My 45+ year old truck seems to have fewer of this type of “bad connection” problem. It uses a material that looks like brass or copper for the bulb sockets, rather than the bright shiny metal used on the Corolla and on my flashlights and batteries. I wonder if applying some dielectric grease to my flashlight batteries would work? I can see how it might on an electrical connector that is designed to have quite a bit of force between the two sides, but flashlight’s usually don’t have that much force at the connections.

I just revived a flashlight yesterday with this same exact issue. Because of this thread, I was going to use dielectric, but I got lazy like the manufactures and didn’t make the trip to the garage.

If you try the dielectric grease for flashlights idea @tcmichnorth , let us know how it works.

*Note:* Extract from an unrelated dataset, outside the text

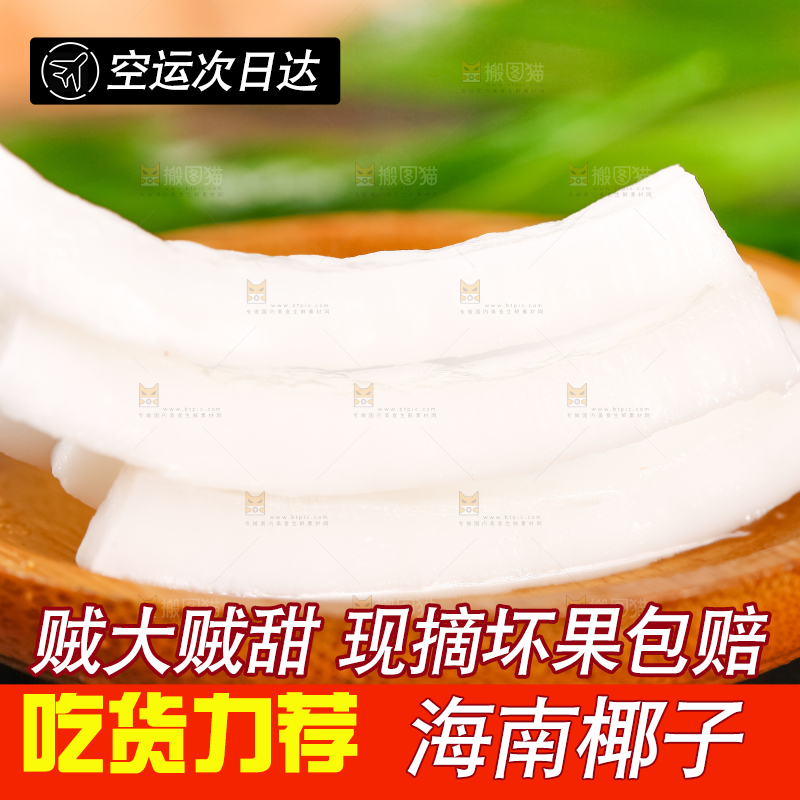 碟子里装着椰子的果肉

Dielectric grease helps, but the connections must be absolutely dry when you put it on or it will trap the moisture and lead to further corrosion. If you can find a water displacing oil that meets mil-spec VVL-800, that is the best stuff to use.

I like this stuff when contacts are a problem.

This is partly conductive so do not let it bridge across contacts, use only a tiny bit at the contact point. I find it also works in electronics where the batteries leaked and caused a lot of corrosion on one or more contacts. Brush off any loose corrosion and apply a dab to the contacts and insert new batteries. You can get it at Home Depot, a $6 bottle lasts for a long time.

Edit: this is the stuff professional electricians use.


Contact corrosion is a very common issue that most technicians are well aware of when working on circuit problems. High quality electronic test equipment use gold plating for making connections to circuit boards since gold doesn’t corrode, and like silver also, has a very low electrical resistance.

I wonder how much it would cost to gold-plate battery contacts? 25 cents per battery?